Quest’anno la celebrazione eucaristica della notte di Natale è stata preceduta dalla preghiera dell’Ufficio delle Letture, così come prevede il Messale Romano: subito dopo è stato intonato il canto della Kalenda che ha annunciato il Natale come compimento dell’Avvento del Signore.
Al termine della Kalenda, un diacono ha svelato la statua di Gesù Bambino, come consuetudine posta davanti all’altare della Confessione.
L’ingresso del Papa, giunto a bordo della pedana mobile ed accompagnato dai cardinali concelebranti, è stato salutato dall’illuminazione totale della Basilica.

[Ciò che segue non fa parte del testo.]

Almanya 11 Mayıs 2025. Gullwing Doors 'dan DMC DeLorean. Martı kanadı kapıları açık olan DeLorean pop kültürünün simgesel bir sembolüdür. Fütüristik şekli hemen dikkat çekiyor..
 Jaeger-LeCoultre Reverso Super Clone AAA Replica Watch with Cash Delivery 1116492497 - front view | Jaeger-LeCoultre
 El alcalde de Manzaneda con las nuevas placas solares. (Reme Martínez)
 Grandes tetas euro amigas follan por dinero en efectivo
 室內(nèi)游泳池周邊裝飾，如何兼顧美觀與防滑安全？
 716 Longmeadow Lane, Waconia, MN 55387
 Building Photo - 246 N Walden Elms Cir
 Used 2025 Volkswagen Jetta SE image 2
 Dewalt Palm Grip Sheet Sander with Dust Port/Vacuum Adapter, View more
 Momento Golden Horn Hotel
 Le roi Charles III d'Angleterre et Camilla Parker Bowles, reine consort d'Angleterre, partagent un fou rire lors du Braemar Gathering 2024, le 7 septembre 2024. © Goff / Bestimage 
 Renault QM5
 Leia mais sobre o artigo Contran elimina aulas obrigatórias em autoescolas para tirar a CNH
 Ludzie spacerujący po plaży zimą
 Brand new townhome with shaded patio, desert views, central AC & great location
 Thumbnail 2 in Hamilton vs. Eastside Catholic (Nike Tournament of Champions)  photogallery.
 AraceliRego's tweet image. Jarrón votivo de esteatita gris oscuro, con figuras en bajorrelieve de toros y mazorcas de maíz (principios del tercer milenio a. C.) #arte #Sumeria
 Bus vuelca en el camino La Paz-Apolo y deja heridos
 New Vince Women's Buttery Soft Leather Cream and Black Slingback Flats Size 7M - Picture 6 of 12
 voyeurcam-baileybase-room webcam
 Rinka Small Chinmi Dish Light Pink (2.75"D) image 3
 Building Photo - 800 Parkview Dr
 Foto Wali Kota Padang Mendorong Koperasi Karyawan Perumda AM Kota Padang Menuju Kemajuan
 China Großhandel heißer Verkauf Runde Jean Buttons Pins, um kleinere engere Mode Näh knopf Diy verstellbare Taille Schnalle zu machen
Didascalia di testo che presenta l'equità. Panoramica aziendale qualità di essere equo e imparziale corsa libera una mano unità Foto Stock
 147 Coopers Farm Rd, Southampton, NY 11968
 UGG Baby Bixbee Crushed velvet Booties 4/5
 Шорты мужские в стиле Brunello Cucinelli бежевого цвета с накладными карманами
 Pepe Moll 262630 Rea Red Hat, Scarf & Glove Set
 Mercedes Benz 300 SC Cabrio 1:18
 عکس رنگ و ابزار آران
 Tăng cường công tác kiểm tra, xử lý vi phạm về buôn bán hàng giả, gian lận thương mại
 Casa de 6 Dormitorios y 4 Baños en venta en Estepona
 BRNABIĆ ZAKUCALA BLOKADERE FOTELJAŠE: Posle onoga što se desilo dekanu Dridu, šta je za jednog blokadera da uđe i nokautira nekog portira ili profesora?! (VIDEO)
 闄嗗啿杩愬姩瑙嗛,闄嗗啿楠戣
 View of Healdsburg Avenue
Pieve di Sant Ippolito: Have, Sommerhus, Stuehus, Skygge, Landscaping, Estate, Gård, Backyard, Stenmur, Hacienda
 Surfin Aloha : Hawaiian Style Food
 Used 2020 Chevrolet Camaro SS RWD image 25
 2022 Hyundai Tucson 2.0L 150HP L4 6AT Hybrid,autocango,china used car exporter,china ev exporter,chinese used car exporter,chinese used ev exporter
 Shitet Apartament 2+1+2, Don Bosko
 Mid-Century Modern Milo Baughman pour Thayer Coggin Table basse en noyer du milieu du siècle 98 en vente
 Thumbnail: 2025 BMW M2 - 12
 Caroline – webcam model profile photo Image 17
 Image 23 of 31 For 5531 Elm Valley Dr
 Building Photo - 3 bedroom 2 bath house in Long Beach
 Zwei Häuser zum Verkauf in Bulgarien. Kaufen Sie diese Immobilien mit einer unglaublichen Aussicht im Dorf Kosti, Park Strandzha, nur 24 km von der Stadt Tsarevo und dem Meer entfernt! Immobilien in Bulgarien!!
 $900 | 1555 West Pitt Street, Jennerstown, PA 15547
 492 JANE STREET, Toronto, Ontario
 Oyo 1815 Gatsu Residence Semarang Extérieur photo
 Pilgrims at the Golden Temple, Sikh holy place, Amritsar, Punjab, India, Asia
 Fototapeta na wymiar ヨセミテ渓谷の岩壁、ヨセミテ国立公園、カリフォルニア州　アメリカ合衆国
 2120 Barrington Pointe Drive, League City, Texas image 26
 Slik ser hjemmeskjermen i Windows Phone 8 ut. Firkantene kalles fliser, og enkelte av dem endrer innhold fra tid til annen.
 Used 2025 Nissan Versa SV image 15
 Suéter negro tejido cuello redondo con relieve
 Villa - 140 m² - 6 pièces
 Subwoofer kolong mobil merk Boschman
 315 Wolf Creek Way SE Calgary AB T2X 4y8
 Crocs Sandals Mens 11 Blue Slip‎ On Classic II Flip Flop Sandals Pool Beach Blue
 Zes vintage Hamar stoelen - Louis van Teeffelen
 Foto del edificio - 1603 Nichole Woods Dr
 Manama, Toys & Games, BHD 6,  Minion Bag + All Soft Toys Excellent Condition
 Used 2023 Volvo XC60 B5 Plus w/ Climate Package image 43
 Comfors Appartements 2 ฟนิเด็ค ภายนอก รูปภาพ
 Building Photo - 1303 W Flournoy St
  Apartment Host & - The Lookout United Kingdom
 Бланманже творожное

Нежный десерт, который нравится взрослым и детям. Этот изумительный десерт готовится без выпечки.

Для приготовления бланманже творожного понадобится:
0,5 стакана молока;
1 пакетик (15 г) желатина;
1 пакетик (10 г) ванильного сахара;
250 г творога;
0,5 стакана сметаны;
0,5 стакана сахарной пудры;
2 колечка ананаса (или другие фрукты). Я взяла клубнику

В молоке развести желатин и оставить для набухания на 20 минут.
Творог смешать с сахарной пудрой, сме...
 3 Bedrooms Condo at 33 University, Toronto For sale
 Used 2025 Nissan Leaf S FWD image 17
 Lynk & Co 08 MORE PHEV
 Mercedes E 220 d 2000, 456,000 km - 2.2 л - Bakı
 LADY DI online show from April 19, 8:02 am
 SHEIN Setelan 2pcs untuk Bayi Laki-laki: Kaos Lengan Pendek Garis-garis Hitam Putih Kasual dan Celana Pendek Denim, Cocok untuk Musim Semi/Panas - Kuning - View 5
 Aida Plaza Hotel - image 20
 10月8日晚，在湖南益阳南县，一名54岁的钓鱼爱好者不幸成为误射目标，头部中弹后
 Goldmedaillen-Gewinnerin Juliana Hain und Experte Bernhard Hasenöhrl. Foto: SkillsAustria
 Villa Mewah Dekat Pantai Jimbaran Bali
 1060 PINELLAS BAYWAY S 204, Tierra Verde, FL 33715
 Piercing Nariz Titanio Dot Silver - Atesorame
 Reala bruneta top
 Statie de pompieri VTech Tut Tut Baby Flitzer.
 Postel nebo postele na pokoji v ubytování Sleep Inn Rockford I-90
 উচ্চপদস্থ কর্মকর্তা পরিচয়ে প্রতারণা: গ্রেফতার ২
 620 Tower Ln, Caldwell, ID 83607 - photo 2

Dopo il canto del Gloria le campane di San Pietro hanno suonato a festa e le guardie svizzere si sono inginocchiate.
Conclusa la Santa Messa, il Santo Padre si è recato al presepe per la collocazione dell’immagine del Bambinello: contemporaneamente un gruppo di bambini in rappresentanza di sei paesi diversi (Italia, Francia, Corea del Sud, Burkina Faso, Guatemala e Gabon) hanno deposto il loro omaggio floreale al Bambino Gesù appena venuto al mondo.
Accanto all’immagine del Bambinello è stato posto un il libro dei Santi Vangeli: un gesto simbolico che richiama la novità del Natale, quella del Verbo di Dio che si è fatto carne.
Sulle note di Tu scendi dalle stelle, il Papa è poi uscito dalla Basilica a bordo della pedana mobile, tra gli applausi dei fedeli.